Sports offer few instances in which boys and girls share the same playing field. Sure, girls and boys often participate in the same types of sports such as basketball or soccer, but as unfair as it may be, they rarely find themselves competing in a head-to-head format. Yet every once in a while – given the right athlete, and the right sport – these gender-specific boundaries can subdued. And while the sport of racing provides a well-known exception to these unwritten rules – the most obvious example being NASCAR driver Danica Patrick – it takes a special kind of competitor, someone like Jacksonville’s Bailey Logue, to not only run with the boys, but at times leave them completely in the dust.
The 15 year-old, soon-to-be sophomore at Routt Catholic High School, Bailey Logue is entering her second year on the go kart track, but as she’ll tell you, the sport of racing has been a major part of her and her family’s life long before she stepped into her first kart.
“I grew up around dirt racing and other bigger cars like the street stocks, and my grandpa and dad thought it would be a good experience to start racing go karts,” said Logue of how she got her start in racing. “My dad was a driver and my grandpa helped set up and owned cars that Jim Patrick and Jim Lomelino drove for him.”
With the Logue family’s close ties to the sport of racing, it seemed like only a matter of time before Bailey would find herself behind the wheel of her own car.

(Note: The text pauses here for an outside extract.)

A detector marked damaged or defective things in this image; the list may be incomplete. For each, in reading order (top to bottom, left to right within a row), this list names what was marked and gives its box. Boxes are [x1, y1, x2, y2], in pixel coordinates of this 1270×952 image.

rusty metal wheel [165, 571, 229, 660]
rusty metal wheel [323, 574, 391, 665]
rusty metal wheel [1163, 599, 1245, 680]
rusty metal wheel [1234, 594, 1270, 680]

“How it really got started, I was announcing the races (in Jacksonville), my dad was going to the races every Friday, and when (Bailey) was young she would always want to sit with grandpa. And eventually my dad said ‘You need to get this girl a car, she really knows what she’s talking about,” said Bailey’s father, Travis Logue, who raced go karts on and off for the better part of 20 years. “Last year, she finally beat me on a quarter-mile in Jacksonville and that’s when I decided to hang it up and she started to take racing more seriously.”

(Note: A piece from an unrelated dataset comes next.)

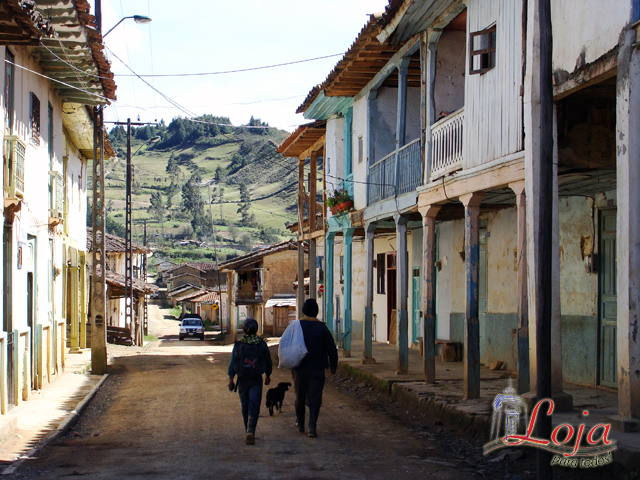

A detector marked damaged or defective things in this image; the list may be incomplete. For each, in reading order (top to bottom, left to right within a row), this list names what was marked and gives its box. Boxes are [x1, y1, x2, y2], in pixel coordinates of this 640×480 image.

Although Logue had familiarized herself with the various aspects of racing, she admits that there was a bit of a learning curve when she first started.

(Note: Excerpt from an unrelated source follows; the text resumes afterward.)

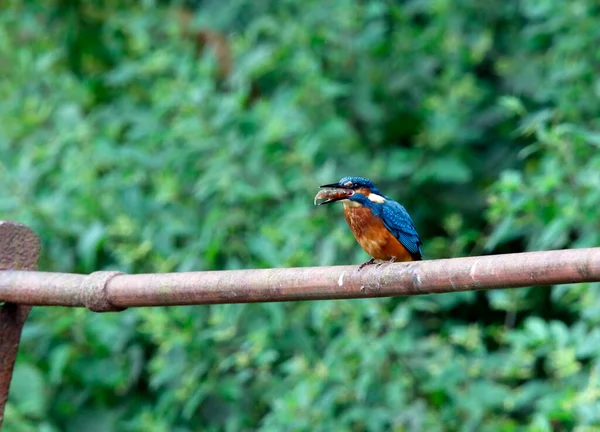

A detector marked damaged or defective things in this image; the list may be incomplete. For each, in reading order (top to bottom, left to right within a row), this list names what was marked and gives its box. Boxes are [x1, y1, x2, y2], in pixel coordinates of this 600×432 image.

rusty metal bar [0, 223, 40, 428]
rusty metal bar [1, 246, 600, 310]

“The hardest part was just getting the kart set up and getting it to turn how I like it to,” Logue said about the learning process. “Most of it is the kart set up.”
Once she found her comfort level inside the kart, Logue began competing both locally and at various tracks throughout the midwest. Most recently, Logue has been on a bit of a hot streak that has included: a $150 prize for her first place finish at Cerro Gordo Speedway, just east of Decatur, Illinois, qualifying in the top ten at Du Quoin, three wins at Quincy, and a third place finish at King of the Ring in Humansville, Missouri.
“We recently changed her number from 48 to 8, which is a tribute to Ronnie Milton, and ever since then we’ve rattled off seven in a row,” said Travis Logue, who’s drawn double duty as both father and pit crew chief. “She’s been on a roll.”
For Logue and her family, racing has been as much about camradery as it’s been about competitiveness, as they’ve made a number of new friends through the sport. When asked what her favorite part about racing is, Logue said for her, it’s about “being around friends and family.”
“It’s like a second family, no different than a travelling soccer team or baseball team,” her father said.
As for her most recent showing on June 18, Logue finished 8th in the regular class and 10th in the Hoosier after experiencing some mechanical difficulties during the Midwest Hoosier Elite Series at K3 Speedway in Kankakee, Illinois. Logue’s next appearance will be on the quarter-mile track at Macon Speedway during the weekend of August 8. With such a fast start to her career, Bailey Logue shows no signs of slowing down.